An example of the operation other than that for unlocking the user terminal 10 is a predetermined operation performed for unlocking the HMD 30 after the user terminal 10 is unlocked. Examples of this predetermined operation are pressing a button, which is used for unlocking the HMD 30, displayed on the display 16, imaging a symbol, which is used for unlocking the HMD 30, formed on part of the surface of the HMD 30, and vibrating the user terminal 10 from side to side near the HMD 30.
Regarding the operation for unlocking the user terminal 10, whether to unlock both of the user terminal 10 and the HMD 30 or to unlock only the HMD 30 may be determined in the following manner. When the operation accompanied by relatively simple processing, such as swiping on the screen of the user terminal 10, is performed, only the HMD 30 may be unlocked. When the operation accompanied by relatively complicated processing, such as authentication using biometric information, is performed, both of the user terminal 10 and the HMD 30 may be unlocked. Whether to unlock both of the user terminal 10 and the HMD 30 or to unlock only the HMD 30 may be determined based on the state of the user terminal 10. For example, when an instruction is given from the user terminal 10, both of the user terminal 10 and the HMD 30 may be unlocked. Without an instruction from the user terminal 10, only the HMD 30 may be unlocked.

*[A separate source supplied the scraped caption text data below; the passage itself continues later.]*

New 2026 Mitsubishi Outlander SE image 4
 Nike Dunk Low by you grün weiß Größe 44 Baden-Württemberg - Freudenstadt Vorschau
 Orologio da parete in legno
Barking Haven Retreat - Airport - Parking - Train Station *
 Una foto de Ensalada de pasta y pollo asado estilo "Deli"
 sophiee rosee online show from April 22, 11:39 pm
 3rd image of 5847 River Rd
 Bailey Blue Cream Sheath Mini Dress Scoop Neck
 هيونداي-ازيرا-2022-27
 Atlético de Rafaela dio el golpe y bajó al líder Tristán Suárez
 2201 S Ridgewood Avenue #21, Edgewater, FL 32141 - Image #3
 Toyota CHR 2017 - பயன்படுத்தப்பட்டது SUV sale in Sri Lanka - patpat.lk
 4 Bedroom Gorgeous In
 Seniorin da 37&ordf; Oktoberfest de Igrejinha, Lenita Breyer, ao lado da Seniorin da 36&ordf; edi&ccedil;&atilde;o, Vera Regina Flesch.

Likewise, regarding the operation other than that for unlocking the user terminal 10, whether to unlock both of the user terminal 10 and the HMD 30 or to unlock only the user terminal 10 may be determined in the following manner. When the operation accompanied by relatively simple processing is performed, only the user terminal 10 may be unlocked. When the operation accompanied by relatively complicated processing is performed, both of the user terminal 10 and the HMD 30 may be unlocked.
The state obtainer 103 obtains information indicating the state of the HMD 30. More specifically, as information indicating the state of the HMD 30, the state obtainer 103 obtains the detection results of the sensor unit 17 and also information indicating a still image or a video image of the HMD 30 and the user U captured by the imager 18. As information indicating the state of the HMD 30, the state obtainer 103 also obtains the detection results of the sensor unit 36 of the HMD 30 and information indicating a still image or a video image of the user terminal 10 and the user U captured by the imager 37 of the HMD 30.
The state judger 104 judges the state of the HMD 30, based on information indicating the state of the HMD 30 obtained by the state obtainer 103 and the learning results of the learner 108. More specifically, the state judger 104 judges whether the HMD 30 is locked or unlocked. The state judger 104 also judges whether the HMD 30 is worn on the head of the user U or the HMD 30 is in a state in which it can be assumed to be worn on the head of the user U.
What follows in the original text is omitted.